#### THE DATA:
- Opening Delimiter -

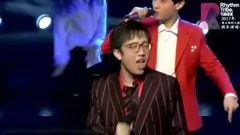 Rhythm of _ of edition of Uptown Funk spot is trib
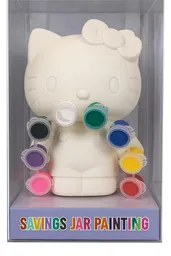 🎨 Alcancía Para Pintar – Figura Hello Kitty Con Pinturas Y Pincel 🐾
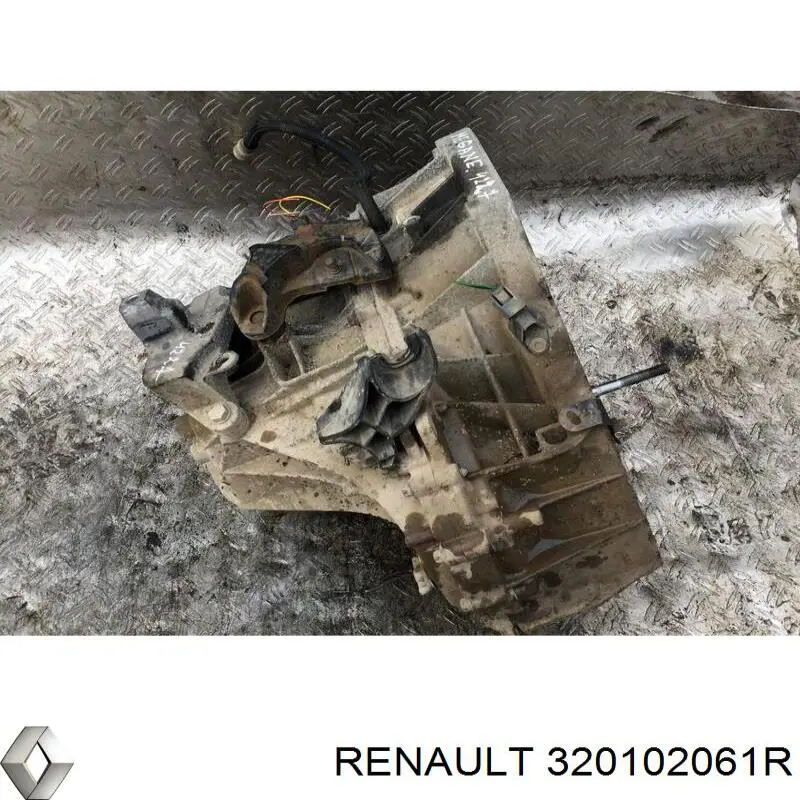 320102061R Renault (RVI) Mechaniczna skrzynia biegów w komplecie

- Closing Delimiter -

#### YOUR ASSIGNMENT:
Every line above must be printed again exactly, pictures excluded.

#### EXERCISE ANSWER:
 Rhythm of _ of edition of Uptown Funk spot is trib
 🎨 Alcancía Para Pintar – Figura Hello Kitty Con Pinturas Y Pincel 🐾
 320102061R Renault (RVI) Mechaniczna skrzynia biegów w komplecie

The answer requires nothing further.